Cognitive and functional impairment detection
CHWs will conduct door-to-door visits targeting approximately 32 000 participants (8000 per site).20 The cognitive and functional tests included are: (1) the Ascertain Dementia 8 (AD8),21 reported by the study partner (eg, caregiver or relative); (2) the Peruvian version of Rowland Universal Dementia Assessment Scale (RUDAS-PE) administered to the participants22 23 and (3) a functional assessment using the Pfeffer Functional Activities Questionnaire (PFAQ), reported by the study partner.24 25
Participants will first be assessed using the AD8 and RUDAS-PE. A positive detection result is defined as an AD8 score of ≥2 and a RUDAS-PE score of <19 for illiterate participants or <21 for literate participants, while a negative result is any score outside these thresholds.2123 Those who test negative on AD8 and RUDAS-PE will be considered cognitively healthy, while those with positive results to both will be classified as having cognitive impairment and will proceed to the PFAQ test.2123 Participants with a PFAQ score of ≥7 will be classified into the dementia group, while those scoring <7 will be in the MCI group.24 25 Finally, unspecified cases—defined as those with discordant results (AD8 positive but RUDAS-PE negative or vice versa)—will be classified during the next phase, which includes dementia staging using the abbreviated Clinical Dementia Rating (CDR) scale only for participants enrolled in the baseline evaluation. Table 1 presents a description of each test.

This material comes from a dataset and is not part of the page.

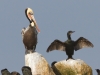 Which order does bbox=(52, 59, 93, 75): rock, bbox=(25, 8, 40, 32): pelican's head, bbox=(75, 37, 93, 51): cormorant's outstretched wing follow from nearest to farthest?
bbox=(52, 59, 93, 75): rock
bbox=(25, 8, 40, 32): pelican's head
bbox=(75, 37, 93, 51): cormorant's outstretched wing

Baseline evaluation on the 3600 participants’ subsample
In total, 3600 participants and their study partners (900 per site) will be enrolled in the baseline evaluation, including 1200 participants with possible dementia based on the cognitive and functional impairment results, 1200 with possible MCI or classified as unspecified, and 1200 cognitively healthy individuals. Participants will be enrolled into the baseline study in the order they are visited, while simultaneously maintaining balance in the number of recruited participants across the three groups. CHWs will conduct face-to-face interviews covering three specific domains: sociodemographic and lifestyle factors, comorbidities and health economic data (including resource use and HR-QoL). Information about the domains and subdomains assessed is presented in table 2.
Participants and their study partners will provide information about age, sex, education level, ethnicity proxy (using language and self-identity), and other characteristics. Lifestyle factors focus on participants’ behaviours associated with cognitive impairment, including smoking, alcohol consumption, sleep and physical activity.
Comorbidities and other health conditions will be evaluated using objective measures following standard guidelines, as detailed in table 3, as well as through self-reported data.2636 In participants, the evaluation includes hypertension, type 2 diabetes mellitus, depression, anxiety, hearing impairment (deafness), visual acuity (blindness), mobility limitations, grip strength, overweight/obesity, self-reported falls and frailty. Participants and their study partners will also provide self-reported data on doctor-diagnosed conditions (health background). Additionally, caregiver burden and depression will be assessed in study partners.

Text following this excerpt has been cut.